Böckenförde, Religious Freedom and the Open Neutrality of the State

Mirjam Künkler is a Research Professor at the Netherlands Institute for Advanced Study

Tine Stein is a Professor of Political Theory and History of Ideas at the University of Göttingen

Ernst-Wolfgang Böckenförde (1930-2019) was one of Europe’s leading thinkers on constitutional history, theory, and questions of Catholicism and public law. Incidentally, it is on the topics of religious freedom and individual conscience that he consolidated his profile as a proponent of inner-Catholic reform in the 1960s. As this blog series focuses on the 2019 Declaration Religious Freedom for the Good of All, issued by the International Theological Commission, a look back is in order at the document the Declaration is meant to update: Dignitatis Humanae, the 1965 Declaration on Religious Freedom promulgated during the final days of the Second Vatican Council, which reversed the Church’s long-standing rejection of the legitimacy of the secular state.

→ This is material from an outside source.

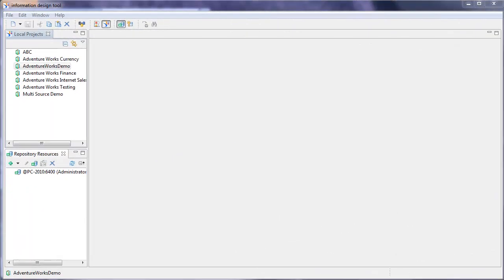Hi, this is Al Williams of Sunset Hill Solutions. In this video, we'll be having a look at data security profiles in Information Design Tool.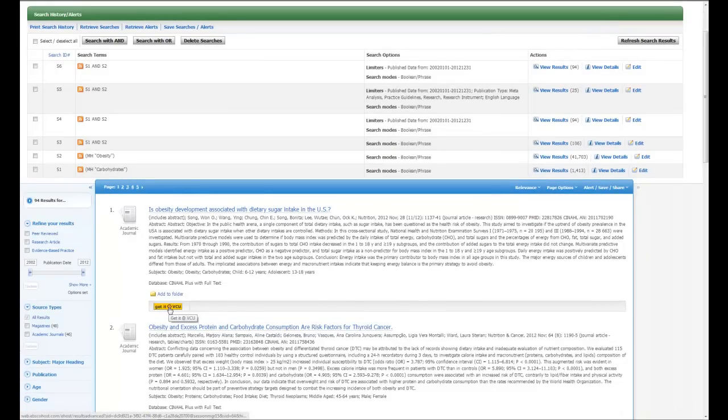Any time you see this little gold bar, you're going to have access to the electronic subscriptions we have. So if we have it in full text, it'll take you there. But it will also link you to our catalog and alert you that maybe we don't have it electronically but we have it in print — it'll tell you where we have it and how you can get a hold of it.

Dignitatis Humanae and Catholic Shift in Justifying Religious Freedom: Böckenförde’s View

In 1962, as the Second Vatican Council got underway, Böckenförde published an article titled “Religious Freedom as a Mandate for Christians: A Jurist’s Thoughts on the Discussions of the Second Vatican Council”[1], written to inform the ongoing discussions of the Council. The laity of Catholics had long accepted living in secular-governed, non-Christian states, sharing equal citizenship with non-Catholics and non-believers. But Böckenförde pointed out from the viewpoint of the Catholic magisterium that such positions were still untenable. According to the magisterium, Catholics were still required to live in Christian states, not just nominally Christian-majority states, but states where political authority was Catholic and where Catholic norms were implemented by state authority.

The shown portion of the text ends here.